Defend Truth

Opinionista

Let us all act like Cretans: Repeated colonialism conquered

mm

Ian von Memerty is a Zimbabwean-born South African entertainer, actor, singer, musician, writer, director and television presenter.

Crete is the largest of the Greek islands. A rugged jewel of endless crystal seas, vertiginous hills, plump olives and grapes, snow-capped mountains, year-round sunshine, heartwarming food and passionate people. And yet, in a country struggling with enormous debt, ballooning unemployment, political and social unrest and a bloated bureaucracy (sound familiar?), it is a shining beacon of hope.

Its lesson is, very simply stated, “History does not have to dictate the present, but no one will rescue us from our past.”

Unemployment on Crete is 4%, while in the rest of Greece it is 25%. Since 2010 they have had a degree of redefined and increased autonomy from central government in Athens and EU control in Brussels. Like South Africa, the two great drivers of prosperity in Crete are agriculture and tourism, and like South Africa their infrastructure is in urgent need of upgrade and development.

And historically? The centuries of brutal suppression, colonisation, invasion, grinding poverty that Crete has undergone make our three-century struggle to gain democracy seem relatively puny.

So here is Cretan history – stripped to the barest of bones.
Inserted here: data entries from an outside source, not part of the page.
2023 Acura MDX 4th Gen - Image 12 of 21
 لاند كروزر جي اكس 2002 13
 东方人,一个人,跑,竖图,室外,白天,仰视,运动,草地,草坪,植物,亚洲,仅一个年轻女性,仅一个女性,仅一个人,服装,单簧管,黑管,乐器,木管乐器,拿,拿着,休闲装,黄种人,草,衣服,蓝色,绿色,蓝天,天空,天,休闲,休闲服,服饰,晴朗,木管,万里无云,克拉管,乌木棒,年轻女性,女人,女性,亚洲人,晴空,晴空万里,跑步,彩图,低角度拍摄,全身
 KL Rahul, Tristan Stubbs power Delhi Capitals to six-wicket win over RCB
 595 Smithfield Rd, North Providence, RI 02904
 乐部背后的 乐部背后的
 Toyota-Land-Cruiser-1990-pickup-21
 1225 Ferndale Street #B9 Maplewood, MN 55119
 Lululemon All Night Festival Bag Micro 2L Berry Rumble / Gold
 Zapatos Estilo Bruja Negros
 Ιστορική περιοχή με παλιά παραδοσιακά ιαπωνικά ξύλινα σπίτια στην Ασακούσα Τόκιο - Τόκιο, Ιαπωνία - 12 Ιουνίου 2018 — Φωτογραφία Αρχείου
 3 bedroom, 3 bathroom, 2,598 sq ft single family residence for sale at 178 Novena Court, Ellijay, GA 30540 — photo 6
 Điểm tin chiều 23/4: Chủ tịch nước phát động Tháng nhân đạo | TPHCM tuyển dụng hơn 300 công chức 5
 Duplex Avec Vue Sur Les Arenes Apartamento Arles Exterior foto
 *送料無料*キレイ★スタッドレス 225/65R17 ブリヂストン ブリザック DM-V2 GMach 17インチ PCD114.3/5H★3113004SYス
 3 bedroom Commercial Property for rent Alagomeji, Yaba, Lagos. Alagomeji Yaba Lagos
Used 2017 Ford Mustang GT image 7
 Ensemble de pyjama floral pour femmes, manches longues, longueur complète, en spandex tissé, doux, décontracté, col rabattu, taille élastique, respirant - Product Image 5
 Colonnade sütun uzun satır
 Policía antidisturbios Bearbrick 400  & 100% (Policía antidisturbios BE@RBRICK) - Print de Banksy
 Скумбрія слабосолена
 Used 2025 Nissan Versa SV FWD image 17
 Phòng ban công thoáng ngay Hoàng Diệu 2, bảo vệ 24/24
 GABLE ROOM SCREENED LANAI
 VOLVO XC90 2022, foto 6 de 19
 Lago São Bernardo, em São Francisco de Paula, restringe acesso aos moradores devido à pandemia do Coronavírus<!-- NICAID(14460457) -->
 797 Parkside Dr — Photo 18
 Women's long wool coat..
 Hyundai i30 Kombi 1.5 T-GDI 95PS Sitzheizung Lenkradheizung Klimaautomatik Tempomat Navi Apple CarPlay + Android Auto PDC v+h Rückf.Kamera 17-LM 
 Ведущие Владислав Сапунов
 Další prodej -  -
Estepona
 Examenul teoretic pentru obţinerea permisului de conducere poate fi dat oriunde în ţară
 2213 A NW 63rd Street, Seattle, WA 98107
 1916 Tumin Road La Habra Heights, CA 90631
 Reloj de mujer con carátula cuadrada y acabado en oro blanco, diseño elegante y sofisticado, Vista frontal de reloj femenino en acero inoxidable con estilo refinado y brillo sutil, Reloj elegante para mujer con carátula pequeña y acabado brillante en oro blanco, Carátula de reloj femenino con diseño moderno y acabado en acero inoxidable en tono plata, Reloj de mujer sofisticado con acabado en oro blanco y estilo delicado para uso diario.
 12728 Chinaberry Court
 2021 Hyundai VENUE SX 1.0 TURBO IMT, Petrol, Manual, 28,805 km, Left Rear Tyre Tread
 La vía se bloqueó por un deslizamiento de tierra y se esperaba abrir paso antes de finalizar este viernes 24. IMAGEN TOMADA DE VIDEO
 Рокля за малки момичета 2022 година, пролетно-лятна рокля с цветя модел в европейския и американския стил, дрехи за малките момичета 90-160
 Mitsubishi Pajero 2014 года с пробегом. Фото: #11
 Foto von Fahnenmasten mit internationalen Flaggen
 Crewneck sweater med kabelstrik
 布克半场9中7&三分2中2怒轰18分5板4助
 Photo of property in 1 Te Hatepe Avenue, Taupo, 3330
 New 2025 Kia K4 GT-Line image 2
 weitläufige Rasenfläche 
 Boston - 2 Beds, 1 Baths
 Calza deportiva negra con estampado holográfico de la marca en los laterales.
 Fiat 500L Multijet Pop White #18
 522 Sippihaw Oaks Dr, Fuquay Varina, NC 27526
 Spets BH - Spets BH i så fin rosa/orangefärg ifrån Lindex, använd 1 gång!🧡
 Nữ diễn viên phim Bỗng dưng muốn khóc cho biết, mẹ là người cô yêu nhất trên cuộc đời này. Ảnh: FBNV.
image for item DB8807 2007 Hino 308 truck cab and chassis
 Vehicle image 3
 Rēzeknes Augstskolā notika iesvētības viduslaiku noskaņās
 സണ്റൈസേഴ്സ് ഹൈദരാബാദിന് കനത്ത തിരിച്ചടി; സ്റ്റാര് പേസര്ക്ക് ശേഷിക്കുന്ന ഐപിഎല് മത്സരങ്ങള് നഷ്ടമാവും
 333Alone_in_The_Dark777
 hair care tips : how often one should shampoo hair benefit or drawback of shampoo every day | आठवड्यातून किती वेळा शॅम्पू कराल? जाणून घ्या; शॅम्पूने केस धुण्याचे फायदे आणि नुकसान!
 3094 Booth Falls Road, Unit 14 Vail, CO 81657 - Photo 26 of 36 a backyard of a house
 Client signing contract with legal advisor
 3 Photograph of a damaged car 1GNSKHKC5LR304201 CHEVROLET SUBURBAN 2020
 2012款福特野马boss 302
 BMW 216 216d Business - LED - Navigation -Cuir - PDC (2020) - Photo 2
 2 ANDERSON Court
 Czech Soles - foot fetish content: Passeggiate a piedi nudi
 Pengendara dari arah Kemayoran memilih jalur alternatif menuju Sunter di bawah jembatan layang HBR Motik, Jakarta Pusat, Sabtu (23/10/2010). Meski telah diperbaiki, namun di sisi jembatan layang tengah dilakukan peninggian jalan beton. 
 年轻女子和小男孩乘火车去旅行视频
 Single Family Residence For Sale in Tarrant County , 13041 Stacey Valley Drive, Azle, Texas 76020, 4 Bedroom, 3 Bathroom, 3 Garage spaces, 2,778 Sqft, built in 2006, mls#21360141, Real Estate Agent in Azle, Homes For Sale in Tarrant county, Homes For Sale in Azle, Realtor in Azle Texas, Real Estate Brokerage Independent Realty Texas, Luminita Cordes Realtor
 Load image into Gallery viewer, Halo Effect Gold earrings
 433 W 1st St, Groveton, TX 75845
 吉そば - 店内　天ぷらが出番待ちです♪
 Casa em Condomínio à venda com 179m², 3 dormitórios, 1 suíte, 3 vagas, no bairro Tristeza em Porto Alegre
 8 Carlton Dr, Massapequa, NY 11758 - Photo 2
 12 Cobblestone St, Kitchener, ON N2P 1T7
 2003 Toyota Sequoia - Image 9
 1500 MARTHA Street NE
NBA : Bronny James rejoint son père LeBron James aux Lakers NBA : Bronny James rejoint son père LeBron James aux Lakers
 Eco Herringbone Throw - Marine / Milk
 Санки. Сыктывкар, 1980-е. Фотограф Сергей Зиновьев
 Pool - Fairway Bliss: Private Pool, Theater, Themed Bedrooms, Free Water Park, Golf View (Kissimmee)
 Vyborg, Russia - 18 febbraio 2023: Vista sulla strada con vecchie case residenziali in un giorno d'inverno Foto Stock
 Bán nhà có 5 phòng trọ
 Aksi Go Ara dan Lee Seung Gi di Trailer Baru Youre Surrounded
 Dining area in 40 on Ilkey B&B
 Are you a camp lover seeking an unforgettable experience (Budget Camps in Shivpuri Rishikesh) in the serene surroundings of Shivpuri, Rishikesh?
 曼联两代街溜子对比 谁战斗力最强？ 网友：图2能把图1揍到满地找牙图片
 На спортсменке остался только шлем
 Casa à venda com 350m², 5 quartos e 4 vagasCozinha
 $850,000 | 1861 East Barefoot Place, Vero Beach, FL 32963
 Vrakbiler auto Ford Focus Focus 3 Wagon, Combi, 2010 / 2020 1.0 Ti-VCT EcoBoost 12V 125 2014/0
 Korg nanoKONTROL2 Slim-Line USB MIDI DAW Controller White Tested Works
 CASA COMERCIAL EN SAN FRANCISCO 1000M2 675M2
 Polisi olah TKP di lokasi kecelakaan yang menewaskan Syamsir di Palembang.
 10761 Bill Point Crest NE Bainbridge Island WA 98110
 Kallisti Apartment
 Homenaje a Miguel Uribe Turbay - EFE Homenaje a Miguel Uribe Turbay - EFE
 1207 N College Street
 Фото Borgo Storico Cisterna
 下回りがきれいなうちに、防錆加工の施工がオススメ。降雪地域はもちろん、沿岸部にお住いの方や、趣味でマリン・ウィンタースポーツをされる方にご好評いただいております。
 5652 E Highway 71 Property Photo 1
If you read this, try to feel the centuries of slaughter, dislocation, and horror that these dry facts cannot convey:

  • 2600 BC -1100 BCOne of the earliest civilisations known to man (Minoan) arises.
  • In 1420 BC the Mycenaeans conquer the island – the first colonisation.
  • From 1375 BC the Greeks repeatedly invade and conquer the island over the next 1,000 years.
  • From 600 BC to 200 BC a truly Cretan civilisation arises and then disintegrates into civil war.
  • 200 BC, the Romans Empire assume more control, with increasingly ferocious invasions, and rule Crete for 400 years.
  • 300-820 AD As the Roman Empire splits, Crete is given to Constantinople. During this time they are invaded by Vandals, Slavs, and Arabs as well as enduring multiple massive earthquakes.
  • 820-960 The Arabs conquer Crete and establish Muslim rule over an Orthodox Christian population.
  • 961-1204 The Byzantine Empire ejects the Arabs, persecutes the Muslims, and re-establishes Christian rule.
  • 1212-1669 After a brief period of ownership by a conquering Crusader, and then invasion by Genoa, Crete becomes a Venetian colony. Catholicism is fiercely enforced, Orthodox Christians are fined and Jews and Muslims persecuted.
  • 1669-1898. The Ottoman Empire conquers the island and enforces Muslim rule. Increasing religious persecution and hardship result in a series of increasingly successful Cretan revolts from 1830.
  • 1898-1908. After a Turkish massacre of Christians, four European Powers expel Turkey and the first Independent Cretan government is established.
  • 1908-1941. Crete votes to join the nation of Greece, which at the time is a series of political fireworks, constantly exploding; a monarchy, then a revolution, then a democracy and back again and so on. Greece is desperately poor, and the million destitute Greeks expelled from Turkey in 1923 almost crush the Greek economy for years.
  • 1941-1945. Nazi Germany invades Crete, and after one of the costliest battles of WWII, carries out a relentless series of massacres, and brutal partisan reprisals – against women and children.
  • 1945-1975. Greece (along with Crete) is a boiling political cauldron of communism, dictatorship, monarchy, military coups, and gradually burgeoning democracy.
  • 1975-present: Democracy, international acceptance, financial growth.
  • 2008… Greek depression.

I write this long (amateur historian’s) list to give a young country like South Africa some perspective on how long subjugation, colonialism, genocide and brutality can dominate a nation: more than 2000 years. And yet Crete is flourishing. So what lessons can we take away from Crete?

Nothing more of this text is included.